Data listing:
· · · ·

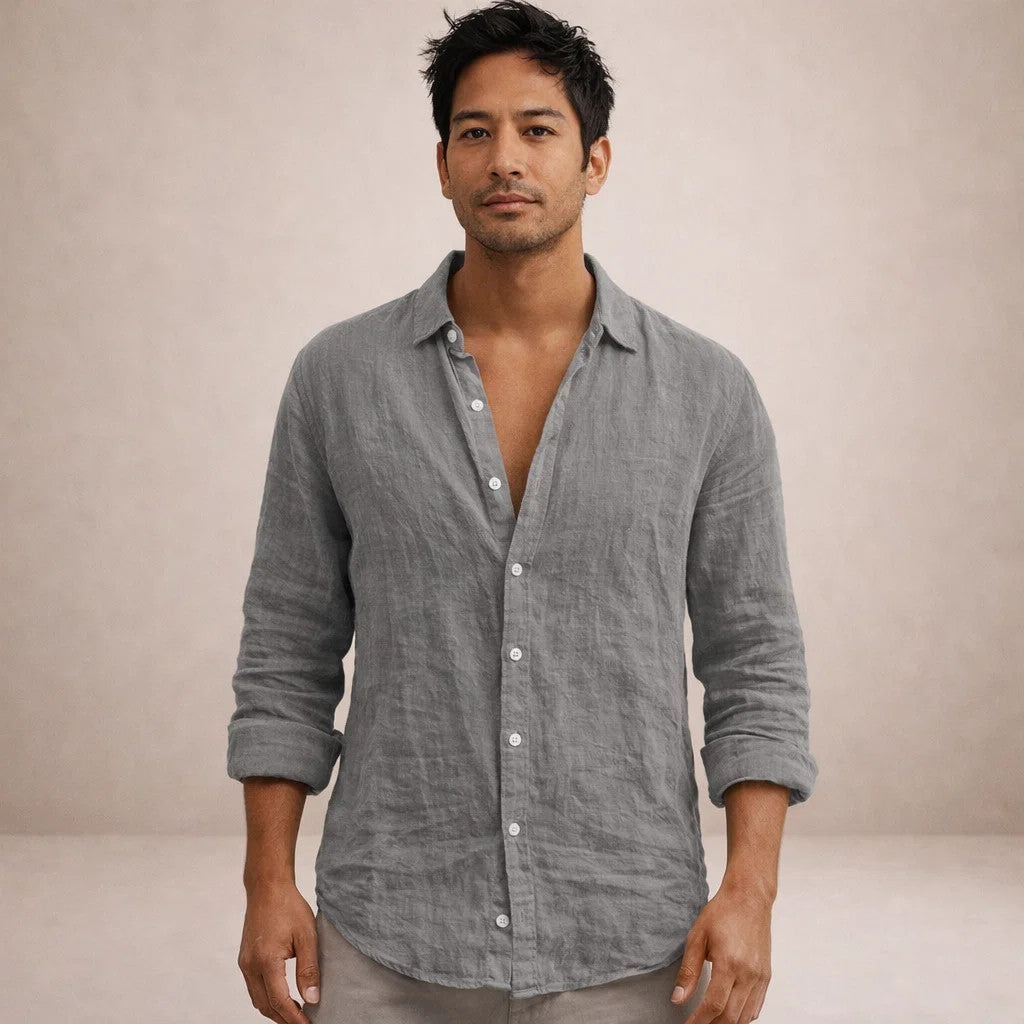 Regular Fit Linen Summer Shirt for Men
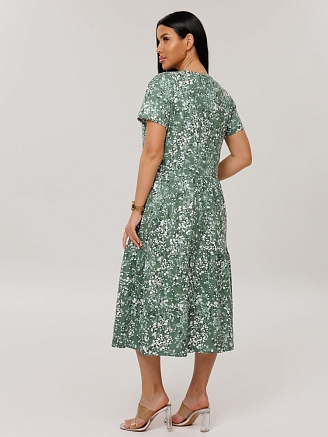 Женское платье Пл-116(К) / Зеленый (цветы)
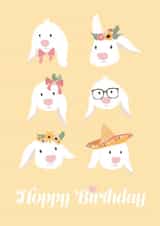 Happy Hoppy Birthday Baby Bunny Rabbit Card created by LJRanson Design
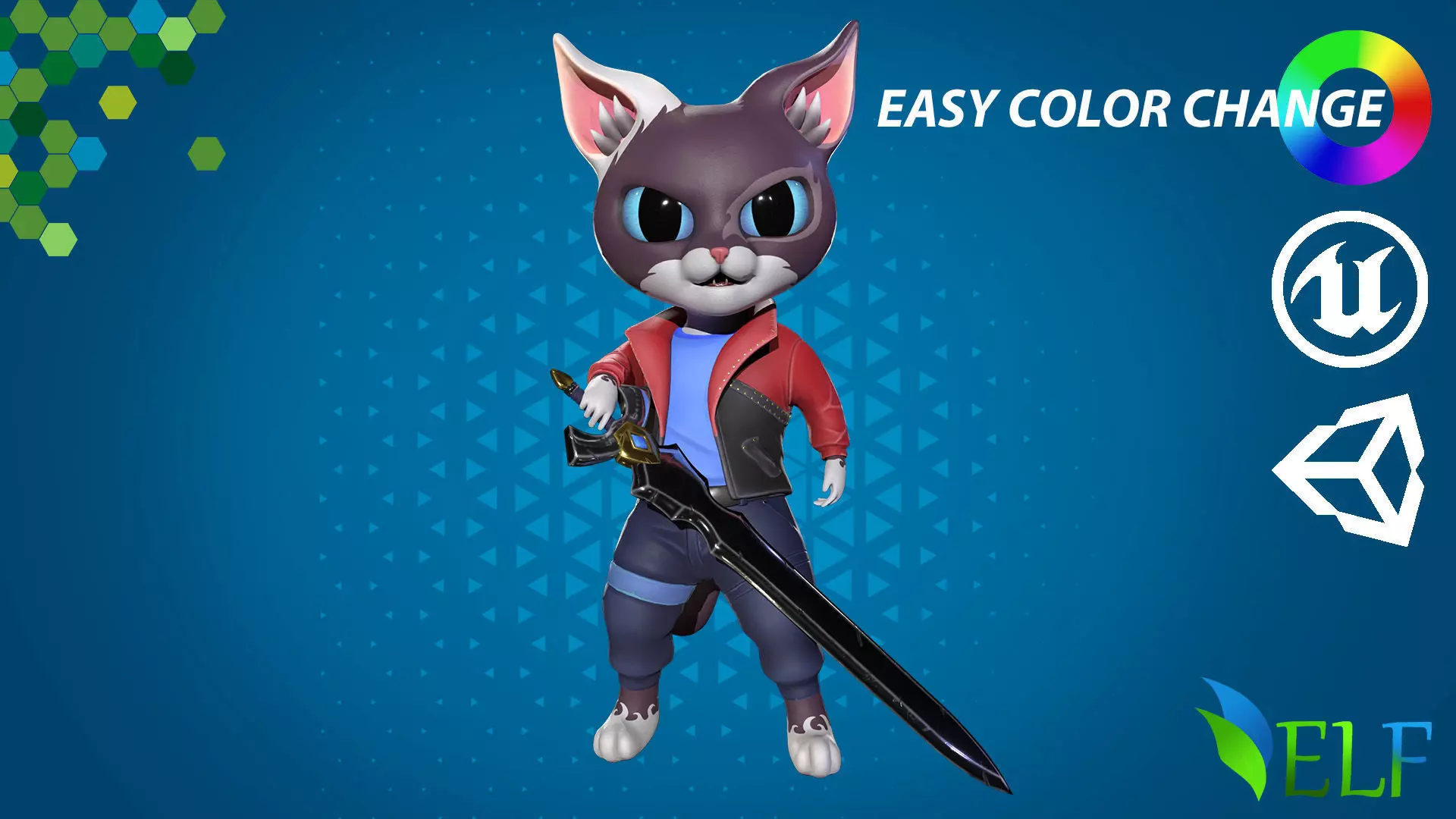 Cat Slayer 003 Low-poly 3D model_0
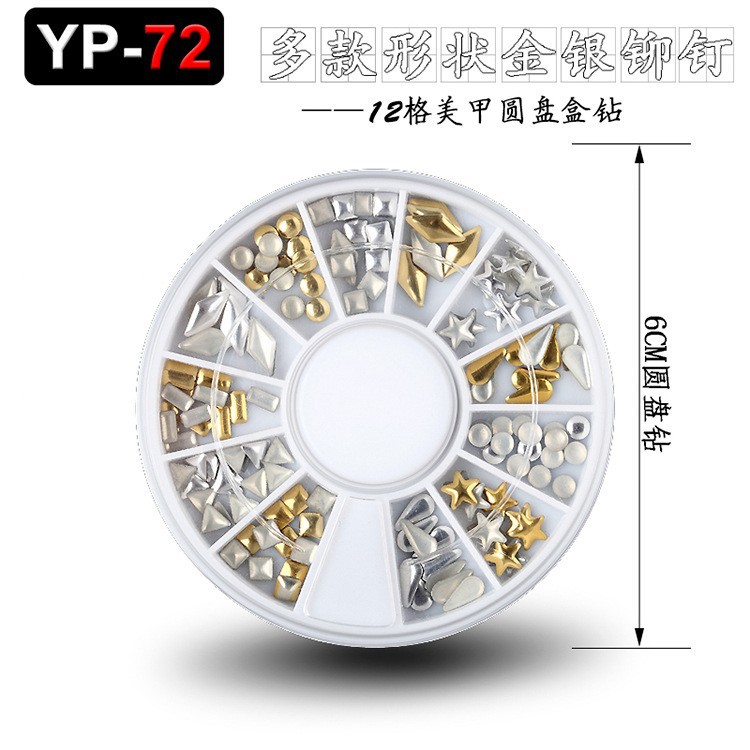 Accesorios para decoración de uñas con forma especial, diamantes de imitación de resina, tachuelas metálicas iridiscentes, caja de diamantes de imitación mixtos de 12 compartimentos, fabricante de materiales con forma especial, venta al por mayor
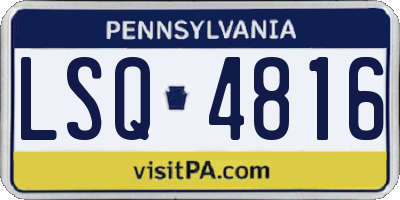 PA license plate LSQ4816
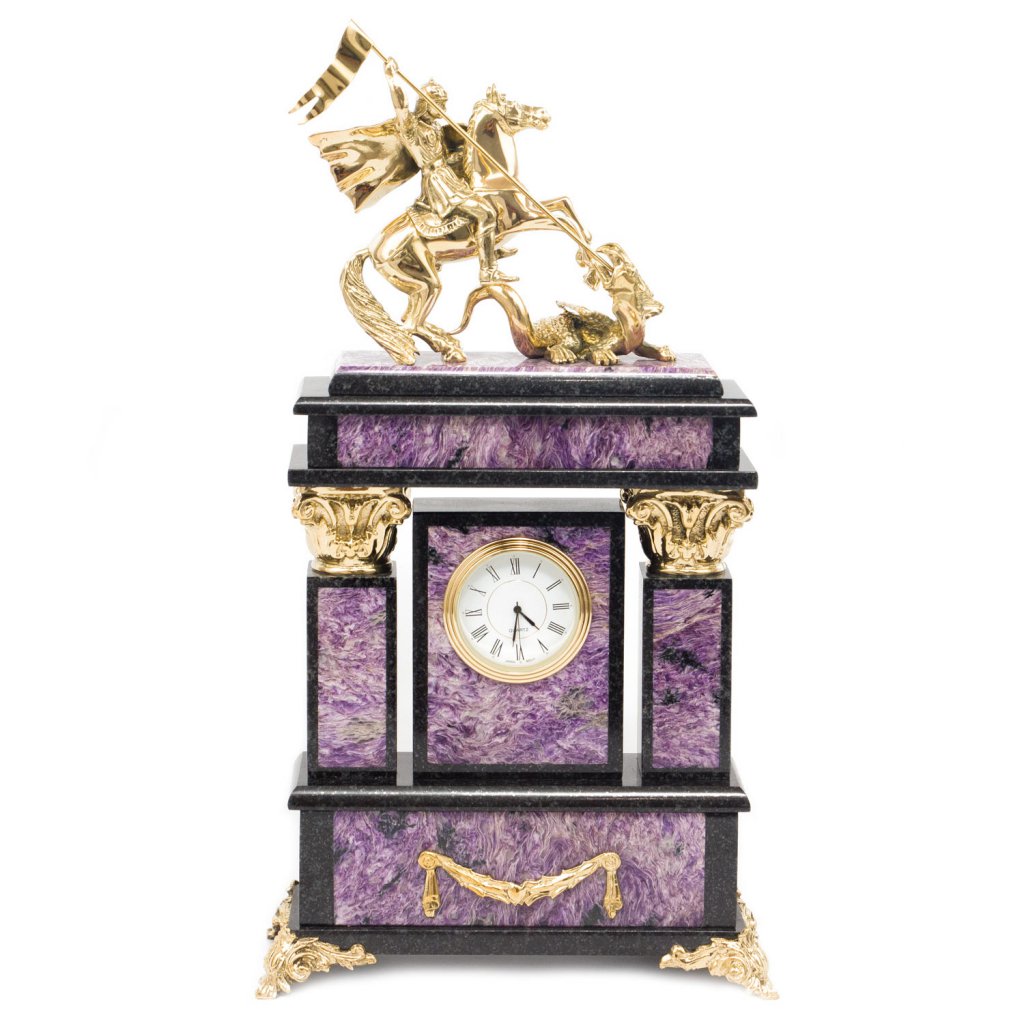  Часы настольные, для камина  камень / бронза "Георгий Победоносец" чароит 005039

· · · ·

Work to be completed:
Please repeat all of the data exactly as it stands, leaving the pictures out.

Exercise result:
 Regular Fit Linen Summer Shirt for Men
 Женское платье Пл-116(К) / Зеленый (цветы)
 Happy Hoppy Birthday Baby Bunny Rabbit Card created by LJRanson Design
 Cat Slayer 003 Low-poly 3D model_0
 Accesorios para decoración de uñas con forma especial, diamantes de imitación de resina, tachuelas metálicas iridiscentes, caja de diamantes de imitación mixtos de 12 compartimentos, fabricante de materiales con forma especial, venta al por mayor
 PA license plate LSQ4816
  Часы настольные, для камина  камень / бронза "Георгий Победоносец" чароит 005039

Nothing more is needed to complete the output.